Another study shows that a third former site, known as 06 and located between Moosonee and Cochrane, is also badly contaminated.

In the late 1990s, the Department of National Defence even commissioned its own report into the ecological damage at the former bases, which was carried out by the environmental services group, an arm of the military. The study, which has been seen by The Globe and Mail, concluded that Winisk, Cape Henrietta Maria and several other bases were contaminated and needed to be cleaned up.

Among the problems itemized were the presence of PCBs, asbestos, pesticides and heavy metals.

"Contaminants must be prevented from further migration into the food chain," the report concluded.

Even so, and despite requests from native groups, the Department of National Defence refused to accept any responsibility for the toxic legacy at Winisk or the other bases. It argued that the land on which the bases were built belonged to the province.

To date, the only former Mid Canada Line base in the area that has been cleaned up was at Fort Albany, a reserve near Kashechewan on James Bay.

In 2001, the province, failing to reach agreement with Ottawa, went ahead unilaterally with a cleanup of the site at a cost of $14-million.

Michael Cartan, a regional official with the provincial Ministry of Natural Resources, said: "There was an urgent need to act because this site was right in the community." The cleanup at Fort Albany coincided with a study carried out between 1999 and 2001 on the reserve by Evert Nieboer of the Department of Biochemistry at McMaster University in Hamilton.
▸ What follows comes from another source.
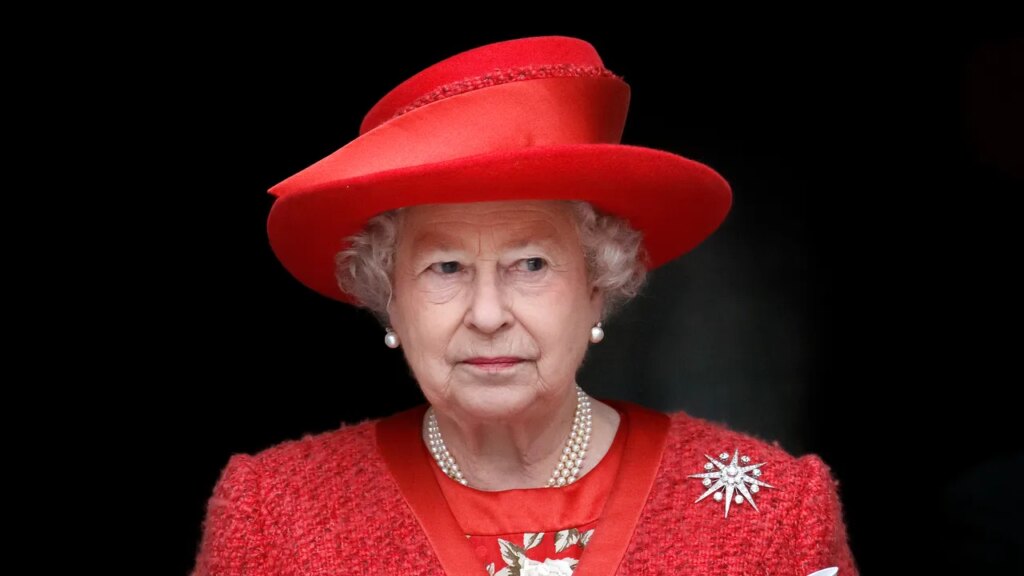 De l'Écosse ancienne à la collection de la reine Elizabeth : le mystère de la broche étoile Jardine

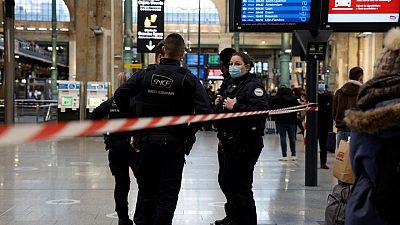 الشرطة الفرنسية تقتل شخصا هاجمها بسكين في محطة قطارات بباريس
Published by Health Canada, the report concluded that almost all the local people had unnaturally high levels of PCBs and DDT derivatives in their blood.

The province has since stepped up efforts to persuade Ottawa to meet some of the estimated $60-million cost of cleaning up all the former Mid Canada Line bases in Northern Ontario.

In March, David Ramsay, Ontario's Minister for Natural Resources, wrote to the federal government, requesting a new meeting to discuss the cleanup of the old radar sites. For months, there was no reply, but finally in October -- possibly spurred into action by the scandal at Kashechewan -- federal officials agreed to a Nov. 1 meeting in Toronto with their provincial counterparts.

Mr. Ramsay said after the meeting that he hoped to have an answer from federal authorities during the next eight weeks.

Lisa Brooks, a spokesperson for the Department of National Defence contacted last week, said that consultations are ongoing but could give no timetable for an outcome. "More discussions will be needed before a decision can be made," she said.

For some of the elders at the Winisk First Nation, a cleanup, even if it comes soon, may be too late.

Mike Hunter, who spent years working at the site and has returned to the area each spring and autumn to go hunting, has ever-worsening asthma.

Mr. Peechapman can only breathe with the frequent help of an inhaler. His wife Elizabeth, 73, who worked as a cook at the site, has spent the past 15 months lying in a hospital bed in Moose Factory, kept alive only by oxygen.

Mr. Peechapman said: "I went to see my wife two weeks ago. She's near the end now, always dozing off. The doctors say they can't help her any more.

"I used to be so proud and happy with my job there. But we never knew about the contamination. We never knew it would come to this."